Support a traditional rancher in the process of transforming his conventional farm into a pilot unit of a silvopastoral system, where other farmers can learn the principles and technical details to implement and operate their own sustainable dairy farms. The project will be monitored for a minimum of three years.

The project has the following steps:

Mapping of the property in collaboration with the producer and his family for zoning of productive, restoration and conservation activities in order to increase productivity, sustainability and the resilience of the farm.

Selection of species of trees, shrubs and pastures that best suit the climate and bring greater productivity, improve soil conditions and ecosystem services and promote animal welfare and benefits for local biodiversity.

Implementation of SPS.

Conducting a workshop with practical experience on sustainable livestock on the property.

Monitoring and evaluation of results in terms of increased productivity, organic carbon in the soil and ecosystem services. In addition to monitoring for the production of:

Milk - The evaluation of milk quality carried out by comparing the results before and after the implementation of the system. An increase in the percentage of total solids is expected.

Soil - Assessment of changes in the composition of nutrients and organic carbon. Soil samples are collected previously and periodically during the entire SPS implantation process. As a reference, samples will also be collected in the remaining forest areas. One idea is to involve young people and children from the local community in this process through a program of "child researchers", where they can carry out some scientific collections and measures and thereby also be made aware of environmental issues.

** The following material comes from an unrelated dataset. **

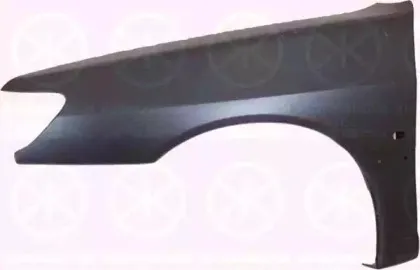 Крыло KLOKKERHOLM купить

Production costs - Cost analysis of milk production before / after the implementation of the SPS.

Taking practical information to rural producers in areas of tropical forests, so that they are able to implement the lessons presented in the courses on their properties is among the main objectives of ELTI - Environmental Leadership & Training Initiative, the School's Environmental Leadership and Training initiative Forestry and Environmental Studies, Yale University.

In Brazil, ELTI carries out these actions in partnership with projects from IPÊ - Institute for Ecological Research and ESCAS - Superior School of Environmental Conservation and Sustainability. The actions started in 2018, in the regions of the Cantareira System and in the Pontal do Paranapanema, and in 2019, through the pilot project Accelerating the Adoption of Sustainable Livestock with Specialized Training in Brazil.

In the Cantareira System (SP), ELTI has already developed training courses for rural producers in order to contribute through sustainable practices in the field with the increase of water security. In Pontal do Paranapanema (SP), the course aimed to stimulate sustainable productive systems that protect the remaining biodiversity of the interior Atlantic Forest, support ecosystem services and support social well-being in this landscape.

The pilot project, in partnership with Danone, aimed to support a traditional rancher in the process of transforming his conventional farm into a demonstrative unit (model) of a silvopastoral system, where other farmers can learn the principles and technical details to implement and operate their own sustainable dairy farms.